Andrew Zerzan is an author,[1][2] former World Bank official[3] and working group secretary for the United Nations Counter Terrorism Implementation Task Force. He is a frequent speaker on economic development and financial crime issues and a respected source in anti-money laundering literature.[4] In 2014 he was commended for his work building a worldwide risk management programme at the City of London’s Risk Management Awards.[5]

Early life and education

Zerzan is the grandson of Charles Joseph Zerzan Jr. who was a noted physician and decorated military officer[6] and nephew of Greg Zerzan, who served in senior positions in the U.S. Treasury including Acting Assistant Secretary.

Zerzan was born in the United States and educated in the United States, Canada, Spain and the United Kingdom. He graduated from the University of Toronto[7] with a double major in politics and economics and subsequently studied financial regulation at the London School of Economics.

Research and professional

Zerzan has worked on initiatives at the United Nations, the World Bank and Bill & Melinda Gates Foundation to transform how the poor move financial assets. He and his colleagues developed the first risk assessment tools to help firms and regulators calibrate responses to the actual risks faced.[4] These methodologies became the benchmark for the mobile industry and financial regulators as mobile money services balloon across Africa and Asia.
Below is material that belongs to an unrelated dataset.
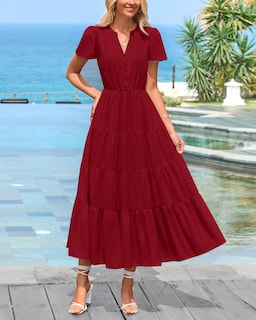 Foto 2 | Foto 2 | Vestido Prettygarden Para Mujer, Midi, Cuello En V, Cuello En V, Volantes, Rojo Vino - Venta Internacional.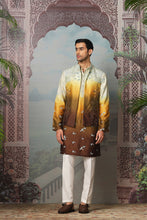 Load image into Gallery viewer, Sunset Golden Floral Embroidered Open Kurta Bundi Set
For this work he was awarded Junior Professional of the Year by the World Bank.[8]

Zerzan has since been widely involved in public discussions on the impact of technology on global development, particularly in the third world. He was a guest speaker to the mobile industry at the global Mobile Money Summit in Barcelona, Spain in 2009.[9] His speech covered mobile banking and financial crimes in developing countries. In 2006, Zerzan was noted for contributing to an information technologies report from the non-profit think tank RiOS Institute in Berkeley, California.[10]

Zerzan has published and co-authored several books, manuals and policy papers including new research on the money laundering risks of mobile phone financial services, the risks of new technologies for payments and counter-terrorism.[11] In July 2014, Zerzan left his position heading the risk management team at Reed Elsevier, a Fortune 500 publishing group to join the British Council. Since 2013, Zerzan has served on the board of charity IDEA[disambiguation needed], both in London and overseas. He was formally Director of Regulatory Projects for Mobile Money for the Unbanked,[12] a Bill and Melinda Gates Foundation sponsored initiative to extend financial services to those living under $2 day.[13]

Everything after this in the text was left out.